Given material:
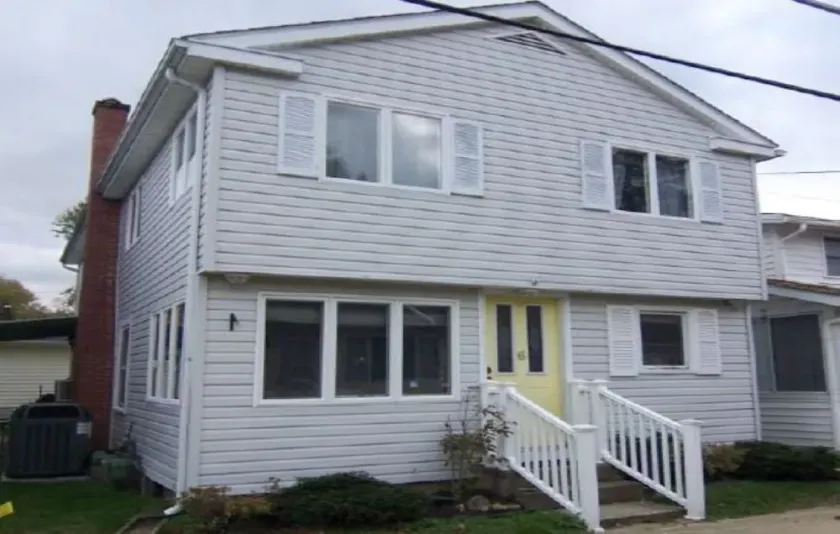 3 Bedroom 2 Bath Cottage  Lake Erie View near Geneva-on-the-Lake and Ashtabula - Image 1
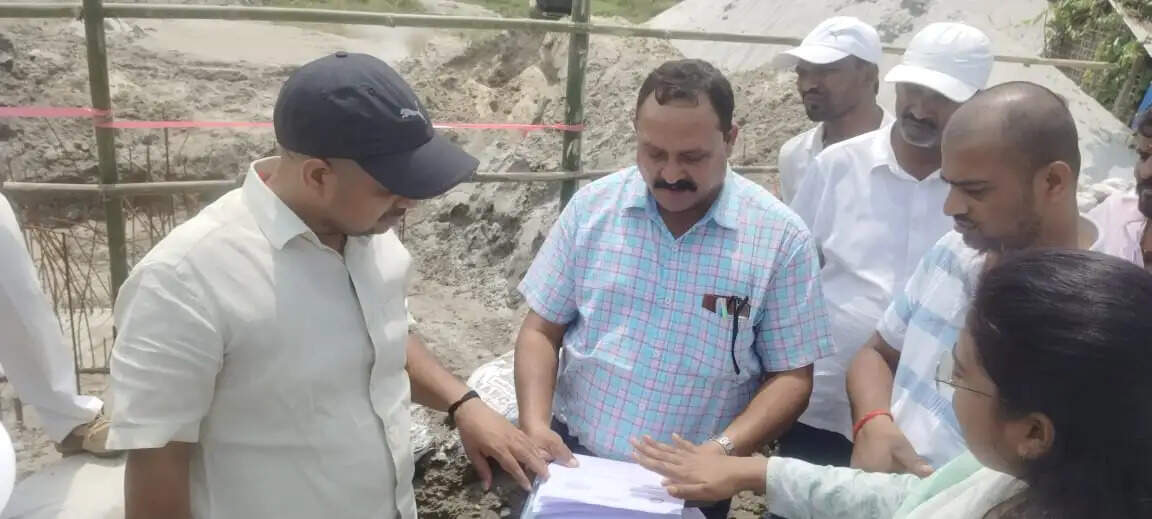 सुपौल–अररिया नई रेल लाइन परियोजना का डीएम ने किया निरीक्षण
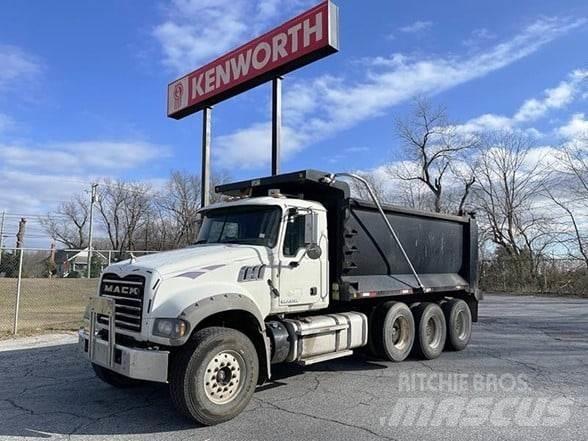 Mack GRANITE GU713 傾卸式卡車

Assigned task: Return an exact copy of the data above, apart from any pictures.

Answer to the problem:
 3 Bedroom 2 Bath Cottage  Lake Erie View near Geneva-on-the-Lake and Ashtabula - Image 1
 सुपौल–अररिया नई रेल लाइन परियोजना का डीएम ने किया निरीक्षण
 Mack GRANITE GU713 傾卸式卡車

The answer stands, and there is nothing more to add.